アルバイト先の先輩は、オーガの末裔

平木明日香

アルバイトスタッフ募集!

第1話


 …ふう。


 成人式を迎えた今年の1月。


 もう自分が二十歳なんだっていうことを考えると、なんだか虚しい気持ちになったりする。


 虚しいっていうか、何してんだろ…って感じかな?


 高校を卒業した頃は、まさか無職で成人を迎えるとは思わなかった。


 …つーか、この2年の間、転職を繰り返す羽目になるとは思わなかった。


 社会人生活なんて楽勝だ!って息巻いていた自分が懐かしい。


 あの頃は特に何も考えてなくて、卒業式の後にツレと一緒に海沿いを走ったっけ。


 取ったばかりの自動車免許を引っ提げ、オンボロの軽自動車を乗り回してた。


 これからどんな社会人生活が始まるんだろうって、それだけが楽しみでさ?



 今となっては、周りの同級生は順風満帆な大学生活を送っていたり、早い奴は結婚していたりもする。

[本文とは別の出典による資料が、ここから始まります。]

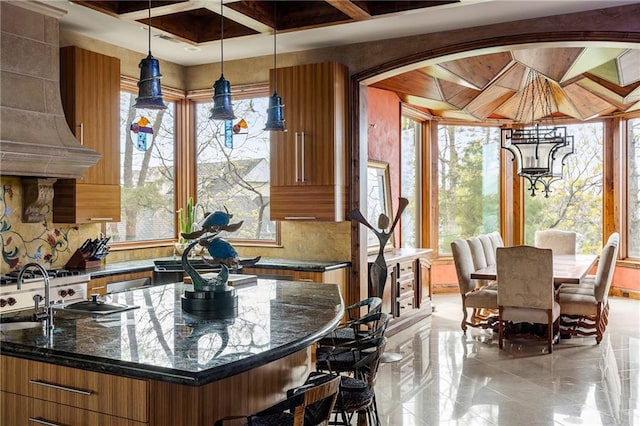 472 N Winnebago Dr, Lake Winnebago, MO 64034 - kitchen with brown cabinets, plenty of natural light, custom exhaust hood, and tasteful backsplash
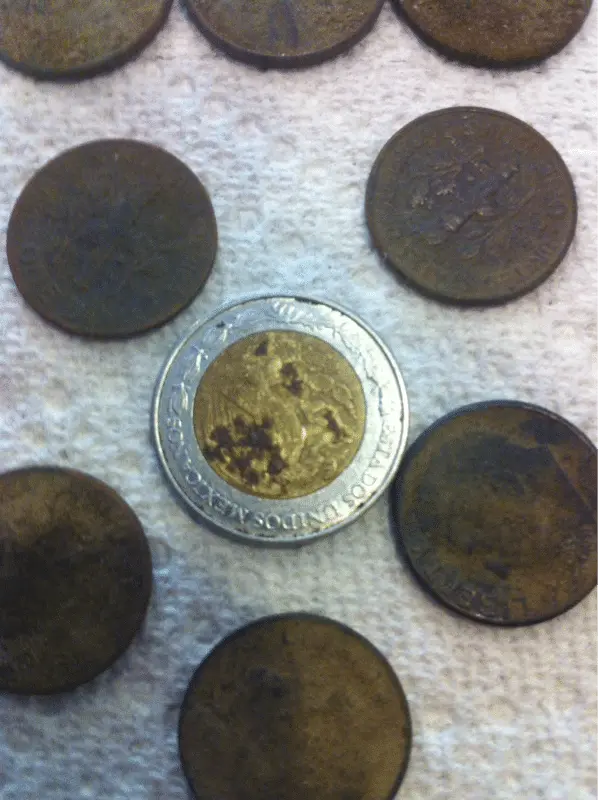 First Peso in a pocket spill of dimes.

 市内の大企業に就職して、順調なステップを踏んでいる奴も。



 …はあ



 考えれば考えるほどため息が出る。


 別に誰かと比べようって話じゃない。


 自分の人生は自分の人生だし、他人は他人だ。


 …ただ、どうしても変な気持ちになるっていうか、もどかしいっていうか…


 友達には恥ずかしくて、自分が今「無職」だって絶対に言えない。


 この前ちょっとした同窓会みたいなのがあって、仲の良かった連中と飲みに行ったんだ。


 まあ、案の定話せなかったよな…


 「市内のとある企業で働いてる」なんて、どの口が言ってんだろうって思う。


 そもそも、働いてすらいない。


 「ニート」なんだぜ?


 …そんなの、人前で話せるかっつーの。